Material for the task:
-- Opening Marker --
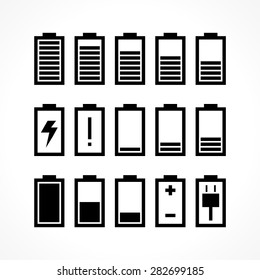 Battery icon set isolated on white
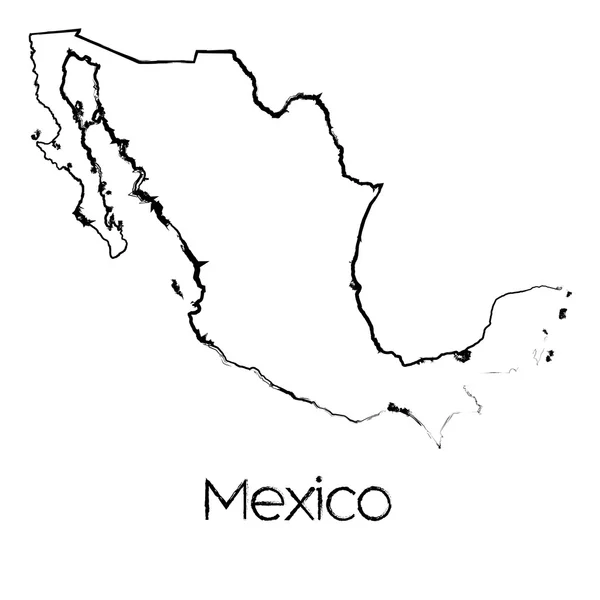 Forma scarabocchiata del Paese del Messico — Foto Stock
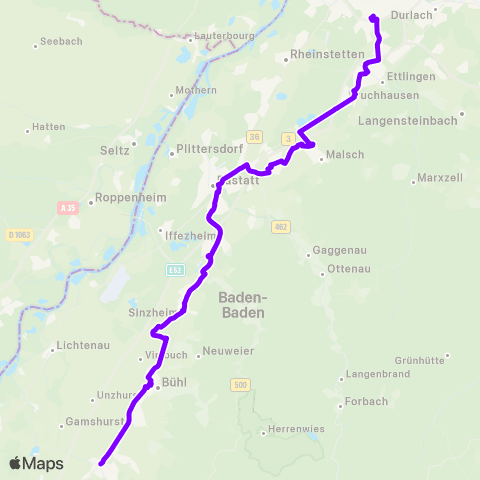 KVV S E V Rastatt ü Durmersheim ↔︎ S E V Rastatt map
-- Closing Marker --
-- Opening Marker --
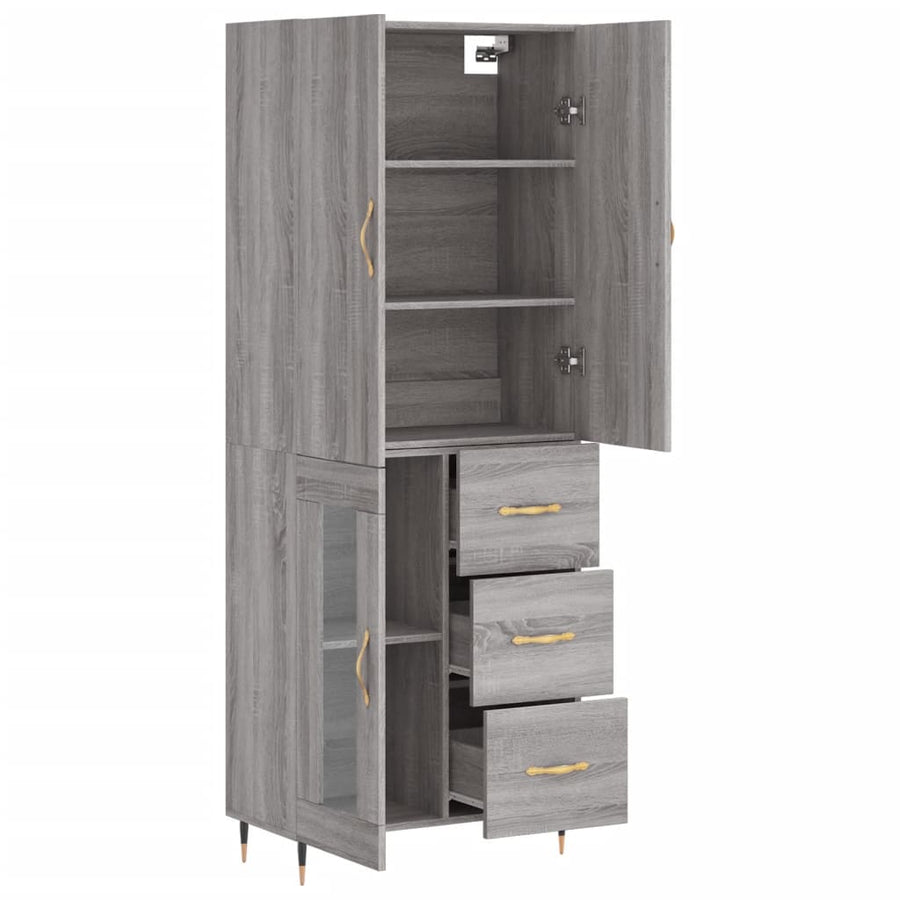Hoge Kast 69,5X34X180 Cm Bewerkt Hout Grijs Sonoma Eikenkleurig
-- Closing Marker --
Directions:
Within the entries above, give again exactly the lines starting at the one that contains "Forma scarabocchiata del" and ending at the one that contains "KVV S E V Rastatt", leaving out the pictures.

Problem solution:
 Forma scarabocchiata del Paese del Messico — Foto Stock
 KVV S E V Rastatt ü Durmersheim ↔︎ S E V Rastatt map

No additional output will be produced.